Cassandra write throttling with multiple clients

I have two clients (separate docker containers) both writing to a Cassandra cluster.

The first is writing real-time data, which is ingested at a rate that the cluster can handle, albeit with little spare capacity. This is regarded as high-priority data and we don't want to drop any. The ingestion rate varies quite a lot from minute to minute. Sometimes data backs up in the queue from which the client reads and at other times the client has cleared the queue and is (briefly) waiting for more data.

The second is a bulk data dump from an online store. We want to write it to Cassandra as fast as possible at a rate that soaks up whatever spare capacity there is after the real-time data is written, but without causing the cluster to start issuing timeouts.

Using the DataStax Python driver and keeping the two clients separate (i.e. they shouldn't have to know about or interact with each other), how can I throttle writes from the second client such that it maximises write throughput subject to the constraint of not impacting the write throughput of the first client?

Solution

The solution I came up with was to make both data producers write to the same queue.

To meet the requirement that the low-priority bulk data doesn't interfere with the high-priority live data, I made the producer of the low-priority data check the queue length and then add a record to the queue only if the queue length is below a suitable threshold (in my case 5 messages).

The result is that no live data message can have more than 5 bulk data messages in front of it in the queue.

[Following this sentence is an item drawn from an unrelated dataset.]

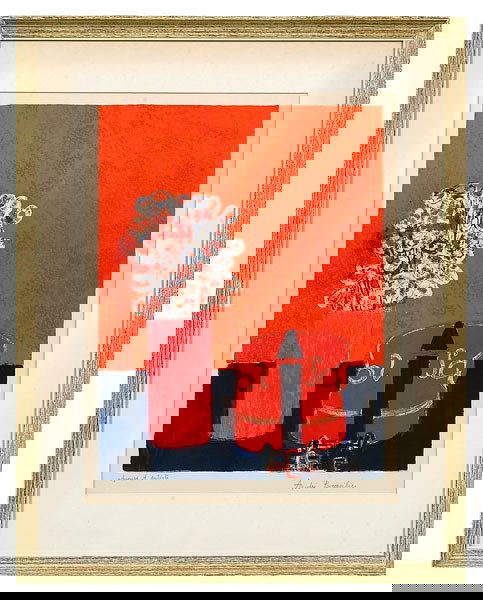 Andre Brasilier color lithograph,: (French, born 1929), still life with vase of flowers and violin, signed lower right in pencil "Andre Brasilier" and "Epreuve D'Artiste" (artist proof), laid down on card with adhesive paper, margins t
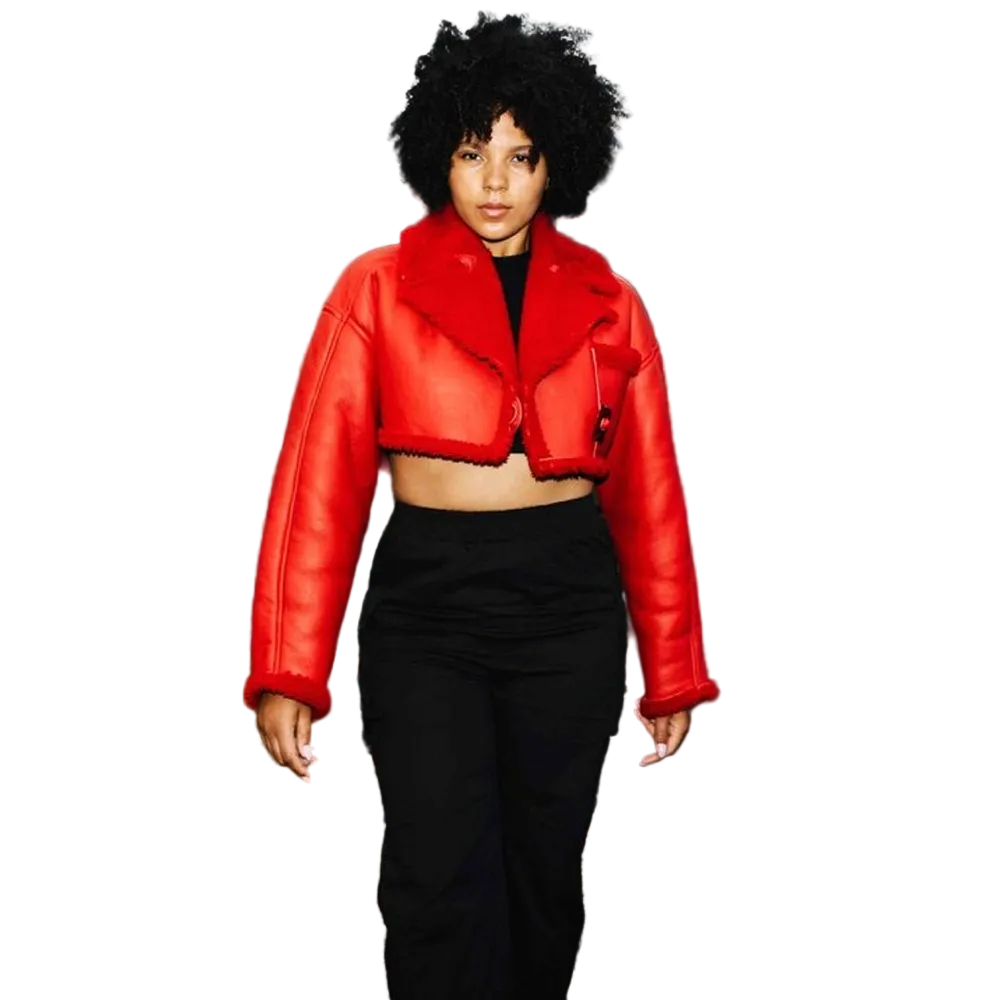 Women’s Corin Red Sheepskin Leather Aviator Jacket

If messages start backing up on the queue then the bulk data producer stops queuing more data until the queue length falls below the threshold.

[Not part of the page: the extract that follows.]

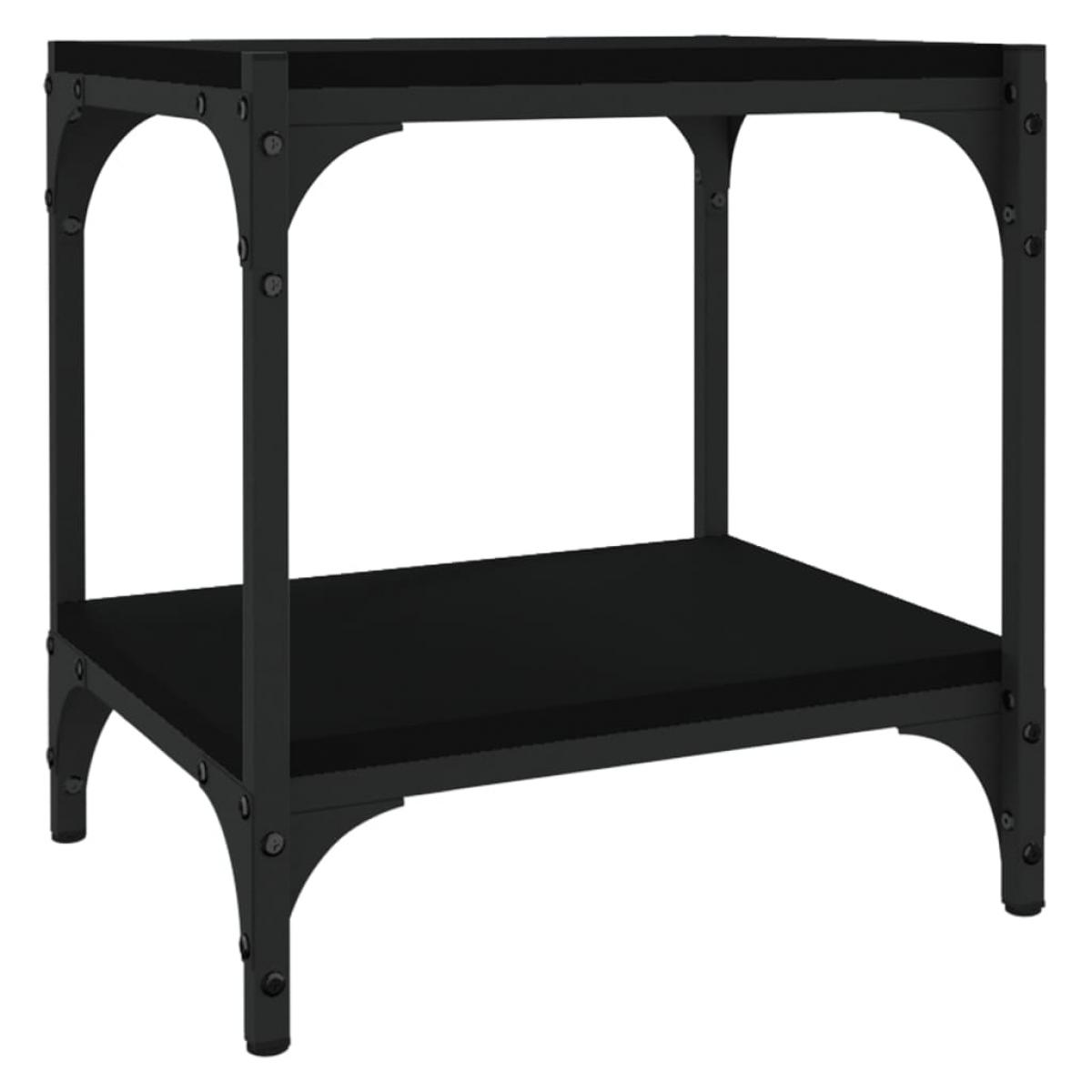 Mueble para TV madera contrachapada y acero negro 40x33x41 cm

I also split the bulk data into many small messages so that they are relatively quick to process by the consumer.

There are three disadvantages of this approach:

There is no visibility of how many queued messages are low priority and how many are high priority. However we know that there can't be more than 5 low priority messages.
The producer of low-priority messages has to poll the queue to get the current length, which generates a small extra load on the queue server.
The threshold isn't applied strictly because there is a race between the two producers from checking the queue length to queuing a message. It's not serious because the low-priority producer queues only a single message when it loses the race and next time it will know the queue is too long and wait.